* What this task involves *
Once the line containing "Close up view" is found in the data below, repeat it and every later line exactly, leaving the pictures out.

[Task material]

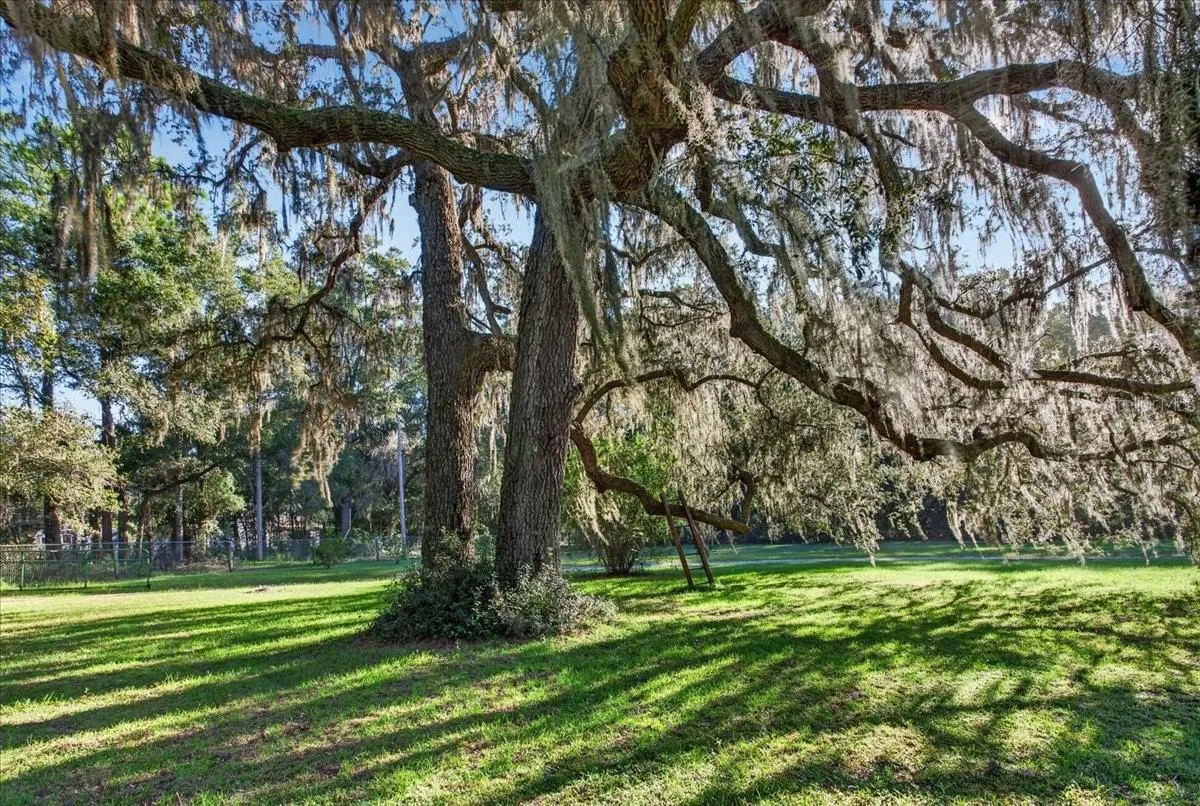 Amazing Granddaddy Oak Trees!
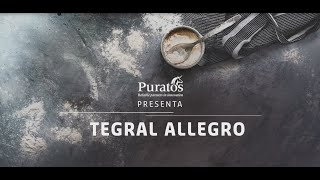 Tegral Allegro - Budín de vainilla y budín de Chocolate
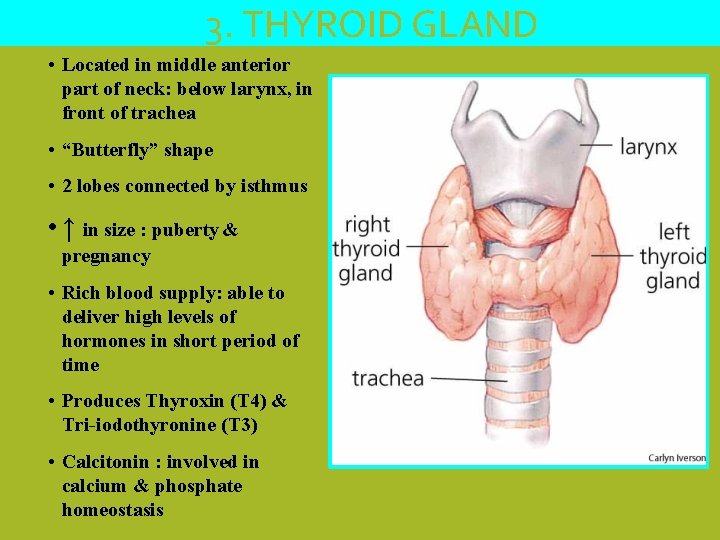 3. THYROID GLAND • Located in middle anterior part of neck: below larynx, in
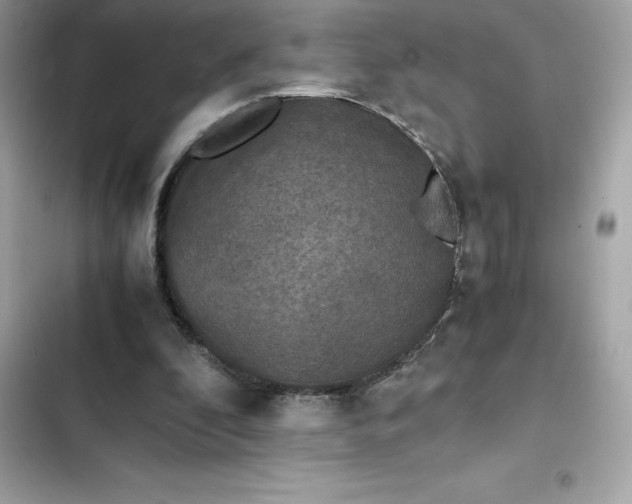 X0000102380296200808151903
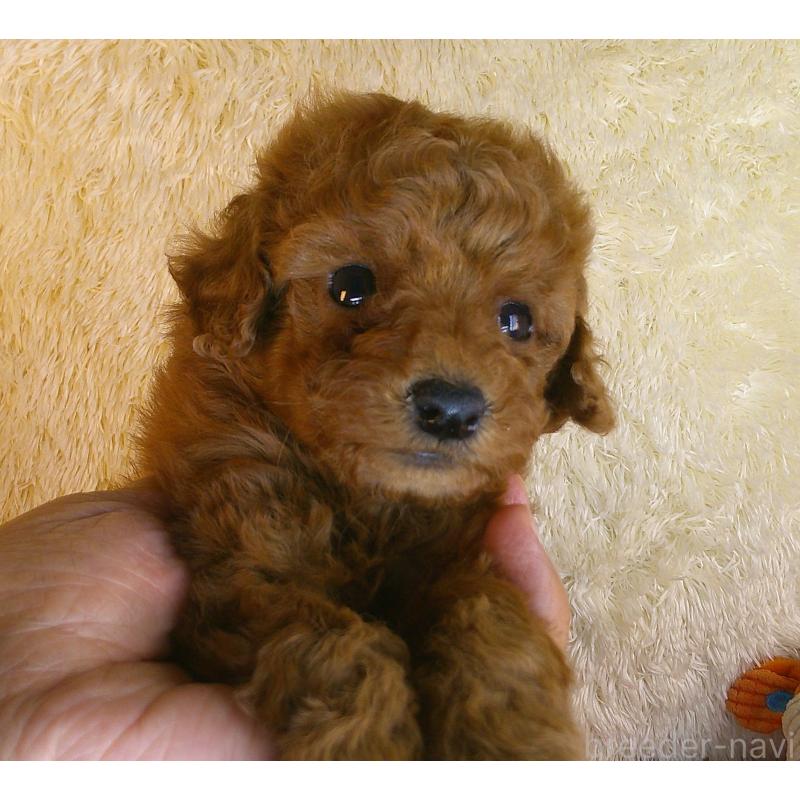 販売中の茨城県のトイプードル-421620の4枚目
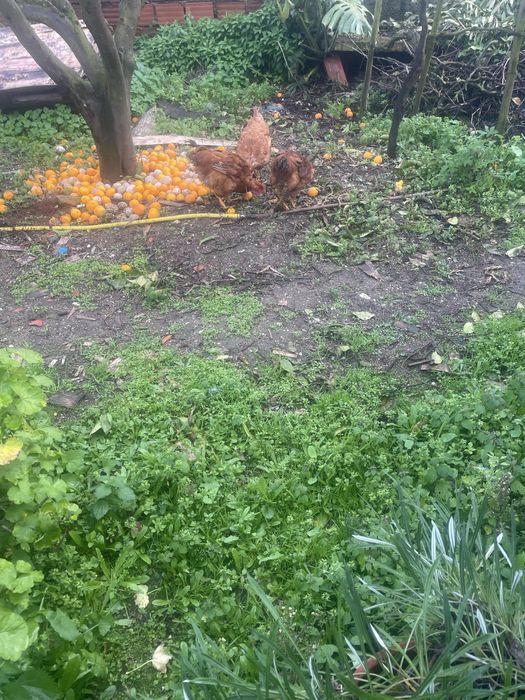 Frangos vermelhos novos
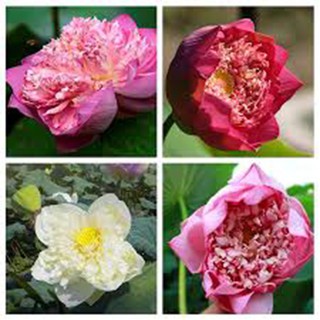 5 Hạt Giống Hoa Sen Hồng Lớn ( Sen Ta - Sen Việt Nam )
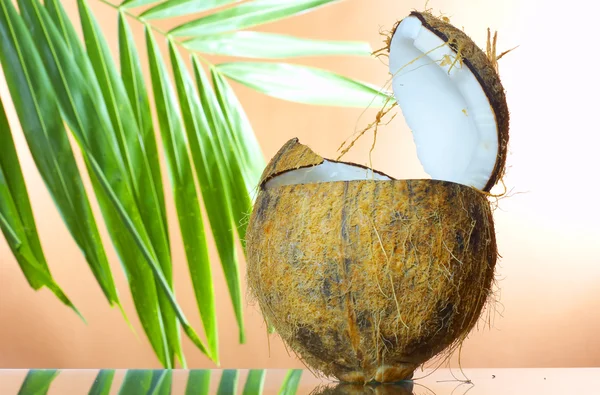 Close up view of big coconut sprout on the beach — Stock Photo, Image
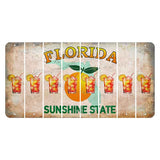 Florida Citrus Orange Cut License Plate Strips (Set of 8) Cocktail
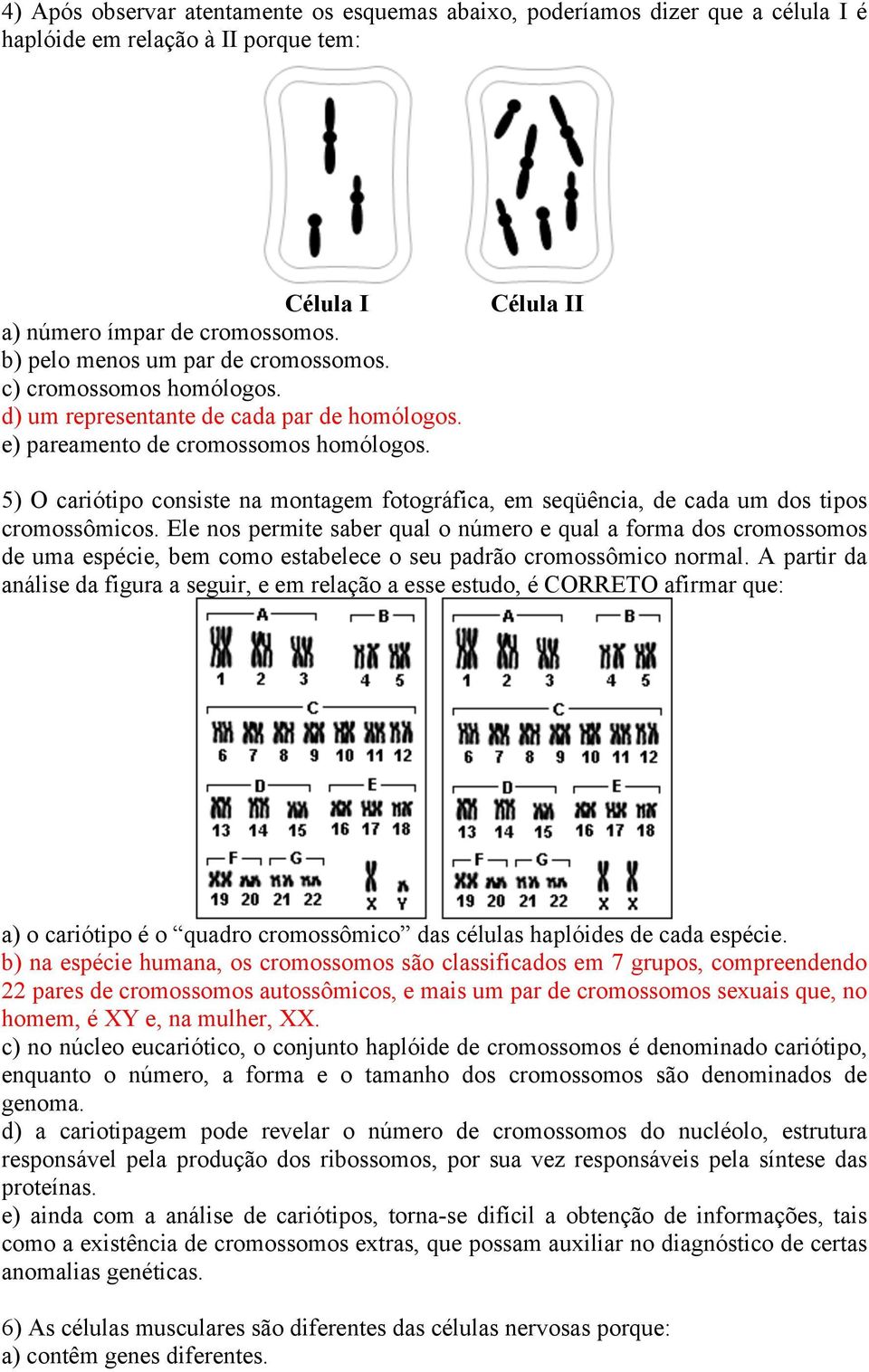Célula II 5) O cariótipo consiste na montagem fotográfica, em seqüência, de cada um dos tipos cromossômicos.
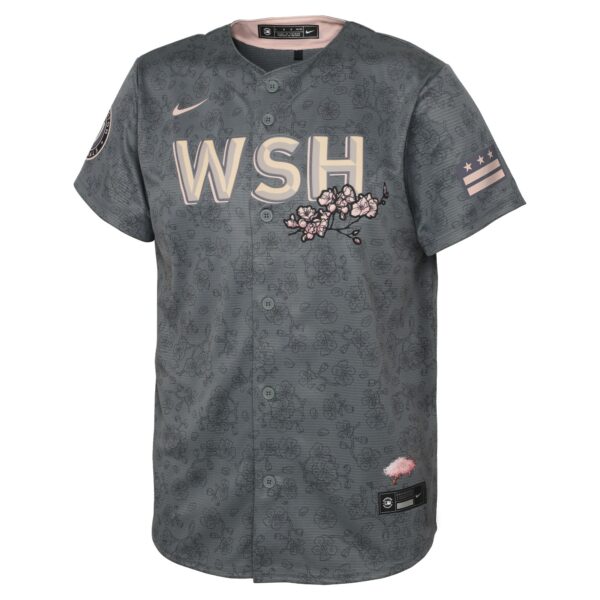 Youth Washington Nationals Nike Gray 2022 City Connect Replica Jersey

[/Task material]

* Output *
 Close up view of big coconut sprout on the beach — Stock Photo, Image
 Florida Citrus Orange Cut License Plate Strips (Set of 8) Cocktail
Célula II 5) O cariótipo consiste na montagem fotográfica, em seqüência, de cada um dos tipos cromossômicos.
 Youth Washington Nationals Nike Gray 2022 City Connect Replica Jersey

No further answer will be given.